I was dreaming last night about hugs – or, perhaps more significantly, the lack of hugs. I am not sure where I was, but a meting had been arranged between me and a friend. She was my best friend at secondary school and over the years we had lost touch. In my dream we were seated in a room and the whole meeting was permeated in awkwardness. We were not comfortable with each other’s company. In the real world we haven’t seen each other for twenty years or more, and for all but maybe on or two letters and a score of Christmas cards, we really have lost touch. In the dream she was surrounded by her family. I wasn’t married, but somehow had a son called Nick. (There is something not nice about waking up to discover that you don’t have a son called Nick – I know he doesn’t exist but I really miss him!)

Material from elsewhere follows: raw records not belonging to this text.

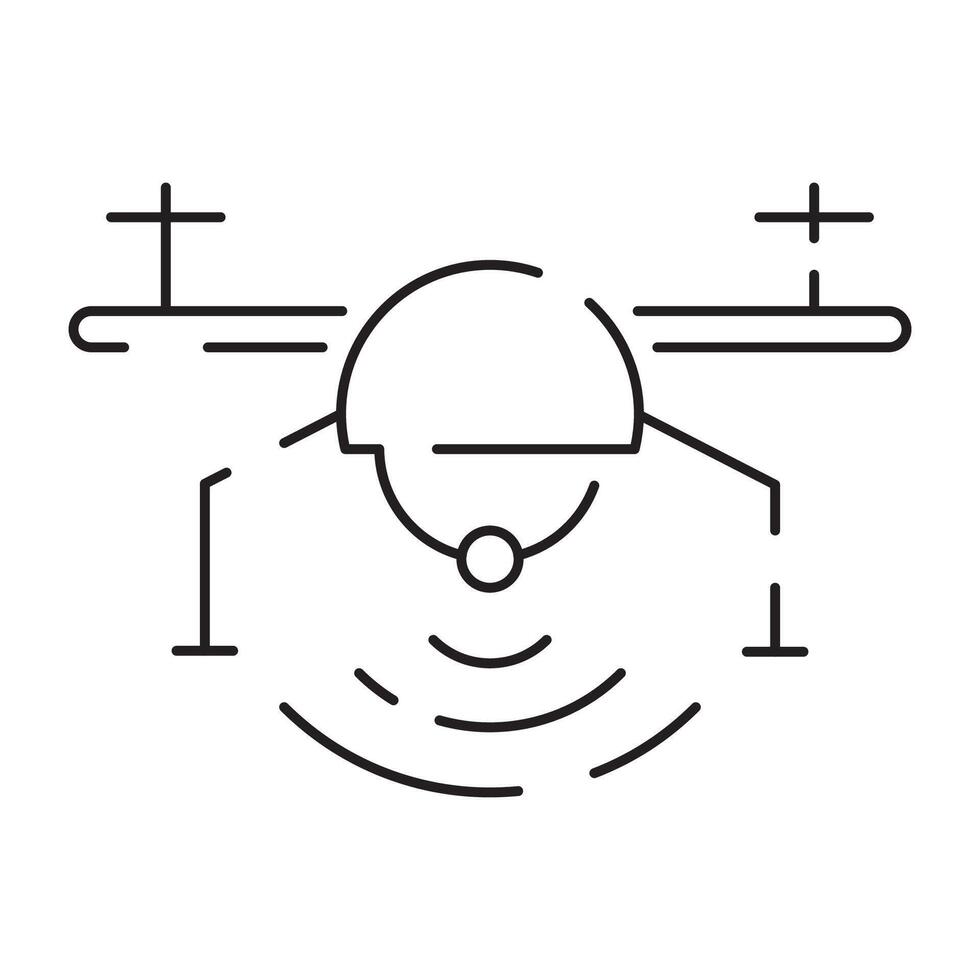 zumbido línea icono. incluido el íconos como zumbido, remoto, controlador, Radar, mapa, señal y más. vector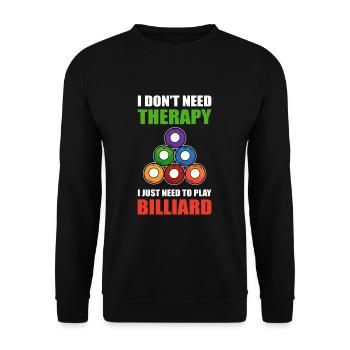 Billard Spieler Billardkugel Acht Snooker Billard - Unisex Pullover - Schwarz - Vorne - Alina (178cm) & Michal (187cm)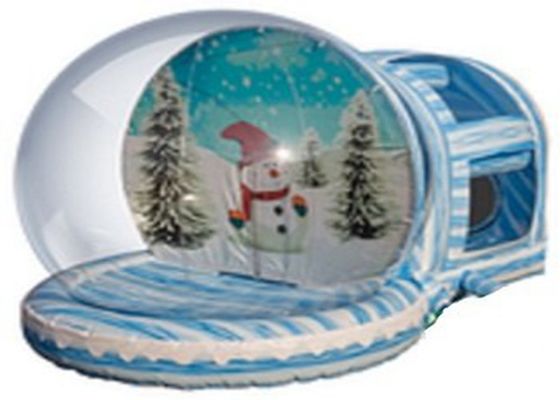 UVbewijs Reclamekerstmis 2.5m de Opblaasbare Bal van de Sneeuwbol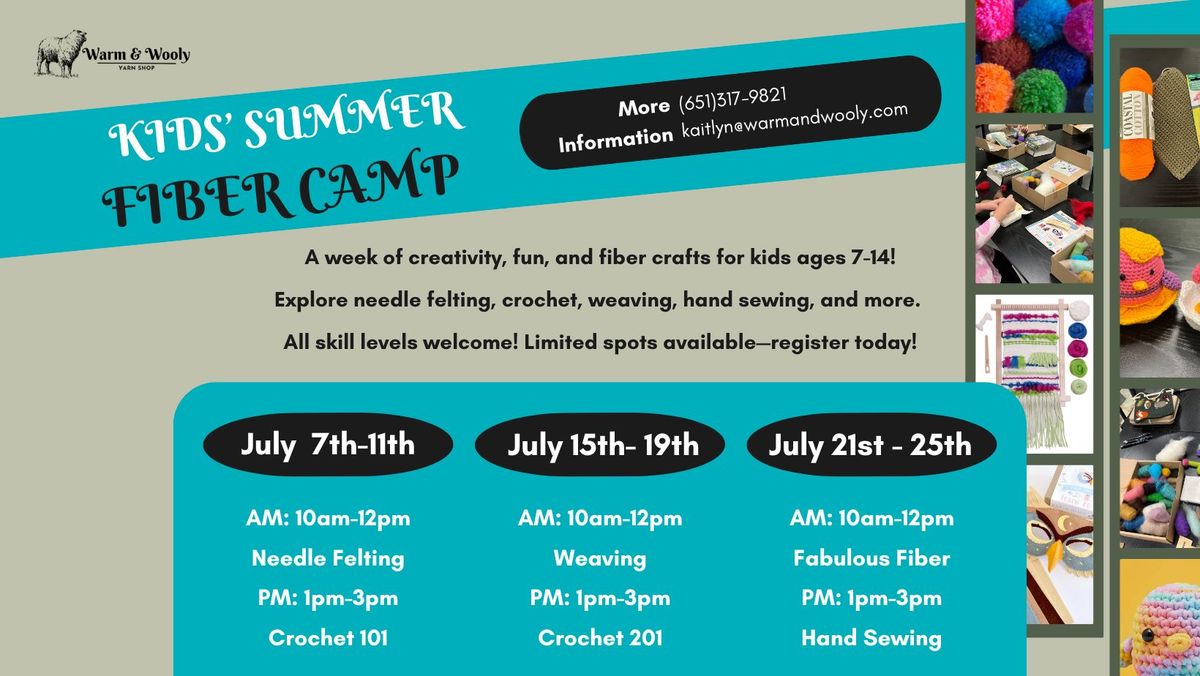 Kids Summer Fiber Camp: Session 1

Conversation was stilted between us. It was painful and embarrassing and all of us wanted it to end soon. I think it was me that eventually excused myself and stood up to say goodbye. As is my habit I reached out to give my friend a hug. She just didn’t seem to know what to do. Her arms were held stiff against her side and she looked at me with a perplexed expression. It was more than about why we should be hugging when we didn’t seem to have any relationship left that warranted a hug, but more about not knowing the mechanics of hugging.
How do you teach someone how to hug? Isn’t it something you just so? Apparently not in the dream world! I can remember in the dream world having to position her arms – one going up and over my shoulder, the other going down and around my waist. Then we hugged. It was like a re-run of my first hug with my sister – that brief moment of holding off before surrendering. Then it was real – it wasn’t just the physical meeting of two bodies in an embrace, but we made connections on all levels. It was a good hug!
Then I was aware than my hand was resting on her head and I was praying for her. I don’t know what I was praying, but it was fervent and passionate and powerful.
“Hug me too!” I was dazed as my friend and I broke apart, to be met with the other people in the room wanting a hug. And then I woke up…
We need to feel connected to people. Too often we live disconnected lives. Even as Christians, meeting in the same church body, we don’t always make the connections. Sometimes the hug is a substitute for really getting to know someone properly. It is not enough without the background relationship – like jewel rolling around on a workbench that ought to be in the setting of a gold ring.
As I think about the dream, I am challenged to think about all the connections that I make with people and what I can do to make those connections good hugs. It is out of the connections that perhaps we are drawn to pray for people more fervently, passionately and powerfully.